Required action: Copy out all of the lines below exactly; the pictures do not belong in the copy.

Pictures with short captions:

=-=-=

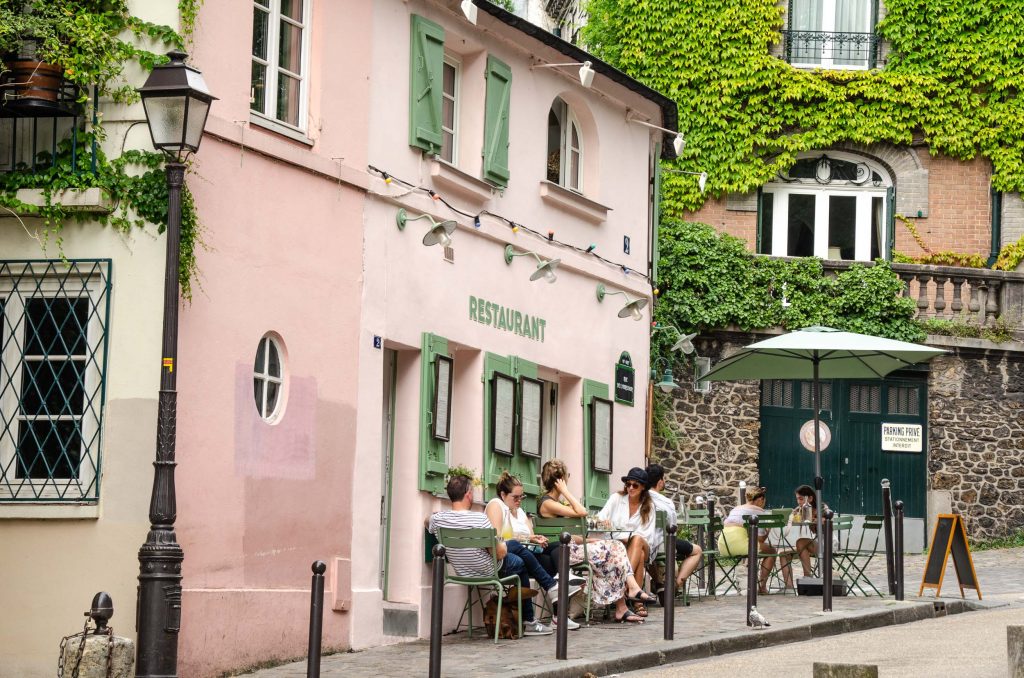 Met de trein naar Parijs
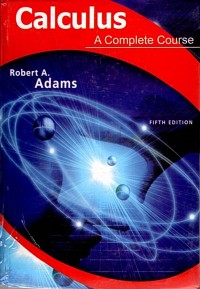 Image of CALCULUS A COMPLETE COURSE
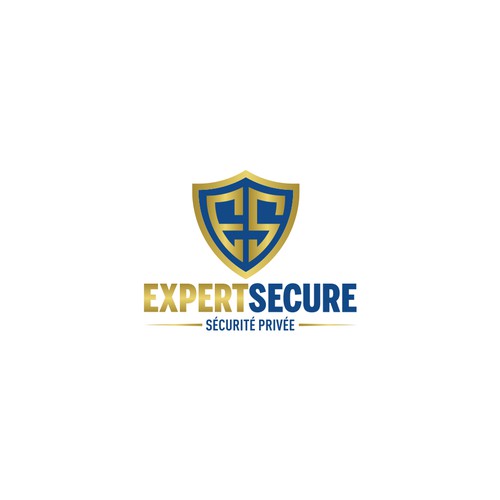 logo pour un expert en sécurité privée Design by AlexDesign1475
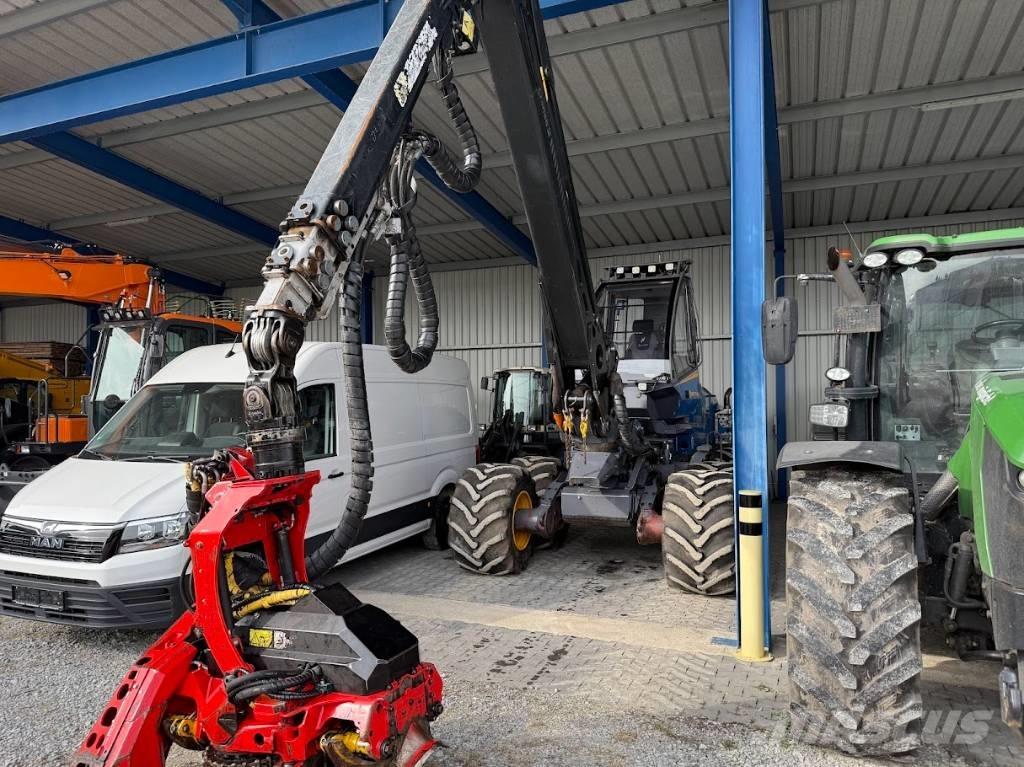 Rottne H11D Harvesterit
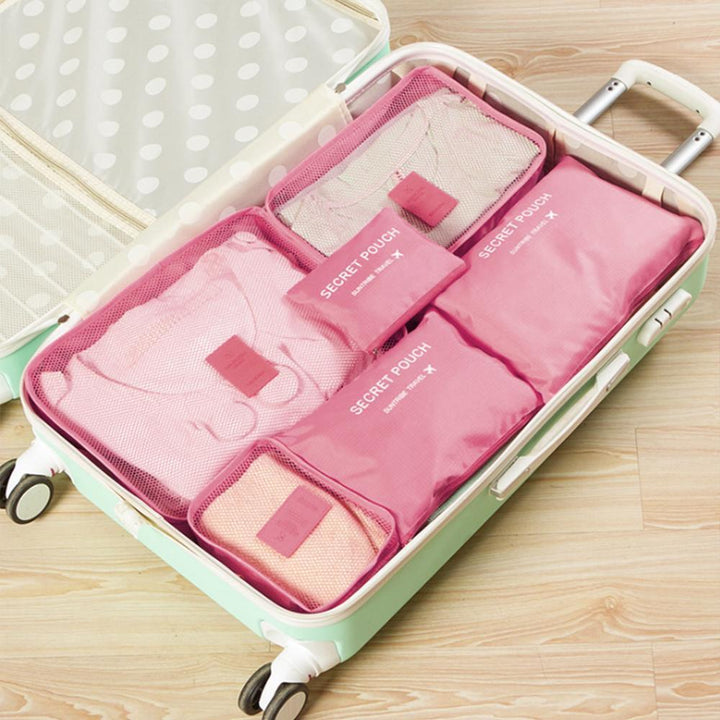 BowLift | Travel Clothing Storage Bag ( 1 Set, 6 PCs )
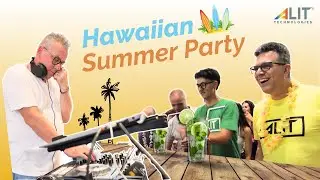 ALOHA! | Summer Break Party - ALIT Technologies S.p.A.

=-=-=

Response box:
 Met de trein naar Parijs
 Image of CALCULUS A COMPLETE COURSE
 logo pour un expert en sécurité privée Design by AlexDesign1475
 Rottne H11D Harvesterit
 BowLift | Travel Clothing Storage Bag ( 1 Set, 6 PCs )
 ALOHA! | Summer Break Party - ALIT Technologies S.p.A.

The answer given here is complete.